In his commission's filing, Neff wrote that Estes engaged in "willful and egregious judicial misconduct that brings the judicial office into disrepute, as well as conduct prejudicial to the administration of justice and unbecoming a judicial officer."

Until the SJC acts, Estes continues to receive his $172,194 yearly salary and is assigned to administrative duties in Holyoke.

Separate suit

Cagle withdrew her earlier MCAD complaint in favor of filing a sexual harassment lawsuit in federal court, naming Estes and her former employer, Behavioral Health Network.

In the separate U.S. District Court action brought by Cagle, the question of who would represent Estes has resulted in delays.

Last Wednesday, two attorneys with a Springfield law firm notified the court that they would appear on the judge's behalf, not Hoose.

The court had been waiting to receive a required "consent to proceed" after the case, filed Jan. 22, was assigned to Magistrate Judge Katherine A. Robertson in the federal court's western division.

On March 29, lawyers notified Robertson that, due to questions about who would represent Estes, the case was in limbo.

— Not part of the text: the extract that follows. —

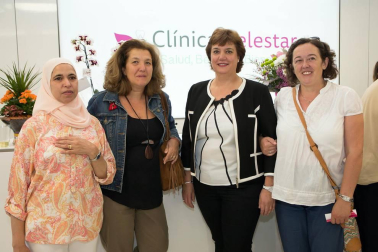 Este sábado se celebró la inauguración de la Clínica Belestar, un proyecto familiar que ha unido el trato cercano y de confianza con las más novedosas técnicas y tratamientos. Se trata de un centro polivalente en el que se ofrecen tratamientos en odontología, medicina estética, fisioterapia, estética, nutrición y podología. Todos ellos enfocados a ofrecer un servicio integral al paciente y cuidar de él de los pies a la cabeza.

Leonard H. Kesten, the Boston attorney representing Cagle, said Hoose recently told Kesten's firm that he wasn't sure who would represent the judge in the civil action.

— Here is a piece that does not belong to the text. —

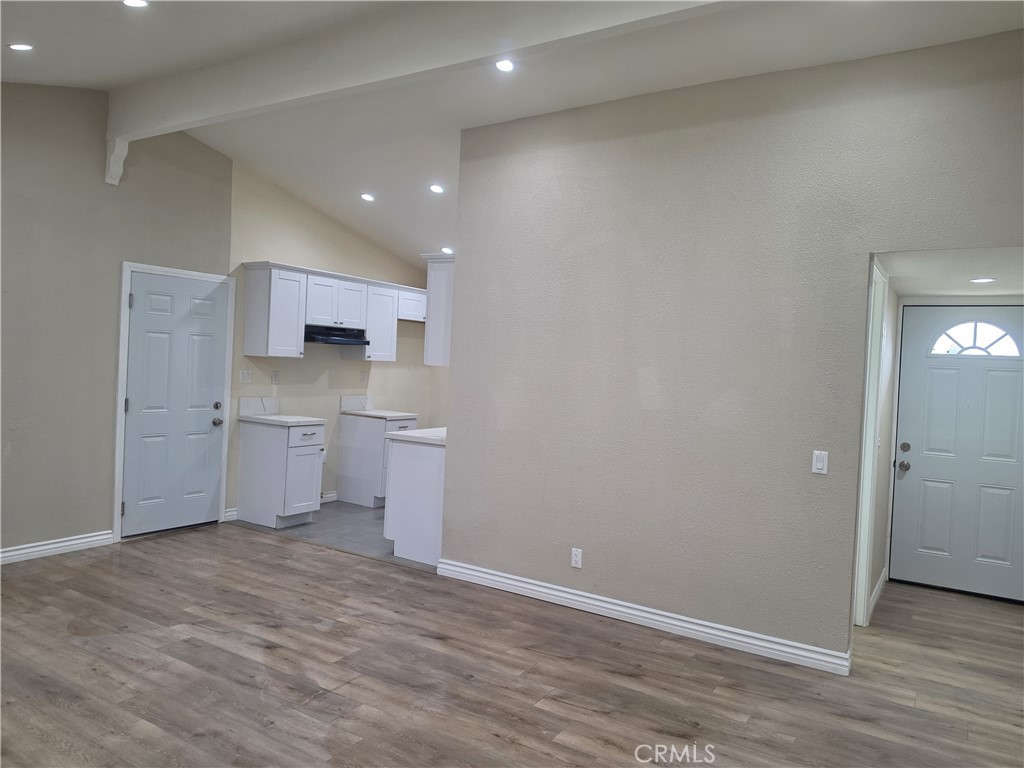367 E Shaver Street Property Photo 10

"That is why we cannot inform the judge as to what all parties agree to," Kesten said. "We are giving him time to clear up representation."

That came this past week, when Nancy Frankel Pelletier and Jeffrey J. Trapani of the firm Robinson Donovan filed appearances with the court.

Meantime, one early development in the case has gone Cagle's way.

The attorney for a co-defendant, Behavioral Health Network, last week withdrew a motion to dismiss Cagle's complaint.

Kathryn S. Crouss, of the Springfield firm Bacon Wilson, had moved for that dismissal in two February motions. But after receiving documentation from Cagle's attorney, the company's representatives acknowledged that Cagle has the right to bring the complaint.